Client Background

Our client is a Real Estate company working on solutions to reduce the US housing shortage. They sought to identify potential lots in key US cities that could be suitable for the solutions they offer. They wanted a data-driven approach to identify the most promising candidate lots to narrow down the selection.

Challenges

Multiple public and private data sources are available to assist with this task, but they are siloed and available in differing formats with different degrees of quality.

There were several challenges to address when it came to the task, primarily due to the fragmentation of public and private data sources available. These sources were varied in terms of format and quality, making it difficult for our client to take advantage of the disparate data sources without cleaning and combining.

Our Approach

We created a centralized database containing various geographic data, including parcels, building blueprints, zoning, topography, ownership, and valuation data.

Once the data was available in a centralized database, we developed a series of data transformations and a custom algorithm to identify the best candidate lots.

Data Collection and Storage:

The data was collected from various sources, including state government websites and private sources.

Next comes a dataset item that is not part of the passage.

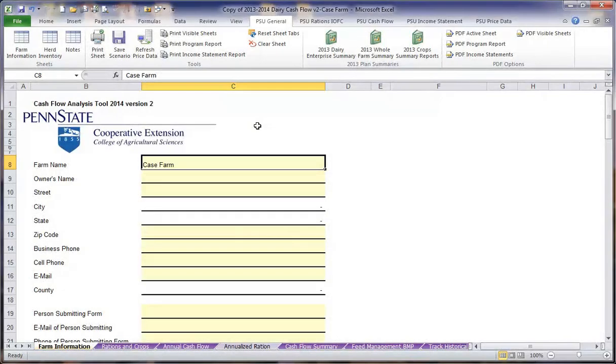Hello, and welcome to the Penn State Extension Dairy Cash Flow Planning Sheet. Today we are going to teach you how to include all of the information you will need to plan your 2014 cash flow.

The data was then loaded into a PostgreSQL database with the PostGIS extension, which provides various tools for effectively manipulating geospatial data.

Data Analysis:

Python and dbt were used to clean, integrate, and transform the data. Our algorithm leverages dozens of data points across multiple geospatial sources to identify the best areas suitable for property development.

Visualization:

The data was visualized in QGIS and Power BI to identify lots with development potential. Visualization of the data provided the client with a clear understanding of the potential lots and allowed deeper on-demand exploration.

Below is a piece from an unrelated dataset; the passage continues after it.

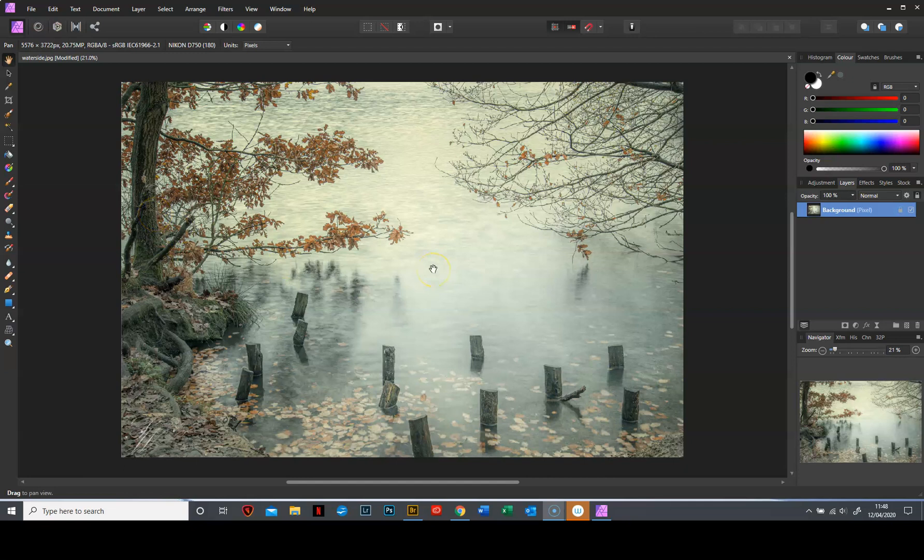So I'm in Affinity Photo, I've got my photograph open, I've finished editing and I'm ready to put a frame on it. Now let's just explain, what you are doing is the same as you would do in Photoshop, i.e. you are resizing the canvas and then adding some colour to the canvas. You just have to do it a slightly different way.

We created a centralized database containing multiple geographic data sources containing information about parcels, building blueprints, zoning, topography, ownership, and property valuation. This enabled us to develop a series of data transformations and a custom algorithm to identify the best candidate lots.

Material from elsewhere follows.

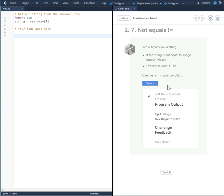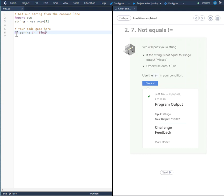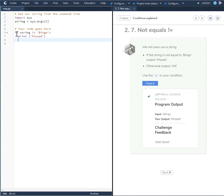So to do this we're going to do an if-else statement. It will be if string is not equal to Bingo, print Missed, else print Hit.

The data collection and storage process involved sourcing from state government websites and private sources before loading into a PostgreSQL database with the PostGIS extension - providing various tools for effectively manipulating geospatial data.

Python and dbt (data-build-tool) were then used to clean, integrate, and transform the data. At the same time, our algorithm leveraged dozens of data points across multiple geospatial sources to identify the best areas suitable for property development.

For visualization purposes, we used QGIS and Power BI - giving the clients a clear understanding of potential lots with development potentials and deeper on-demand exploration.

Impact

  • Our client executed multiple targeted marketing campaigns using the information generated by our algorithm
  • The campaigns have been successful, leading to the acquisition of multiple lots
  • The centralized database contains information and metrics pertaining to multiple US cities, and our client is using these metrics to identify the best markets for expansion

Our client was able to execute targeted marketing campaigns effectively with the information provided by our algorithm, leading to the successful acquisition of multiple lots. Additionally, our centralized database contains detailed metrics pertaining to multiple US cities - allowing our client to identify the best markets for further expansion.

Technologies used:

Postgres, PostGIS, Python, dbt, PowerBI, QGIS

Key Takeaways

  • Our client was able to execute successful targeted marketing campaigns based on the data generated by our algorithm.
  • The centralized database contains detailed metrics pertaining to multiple US cities, enabling our client to identify the best markets for expansion.
  • This led to the acquisition of multiple lots.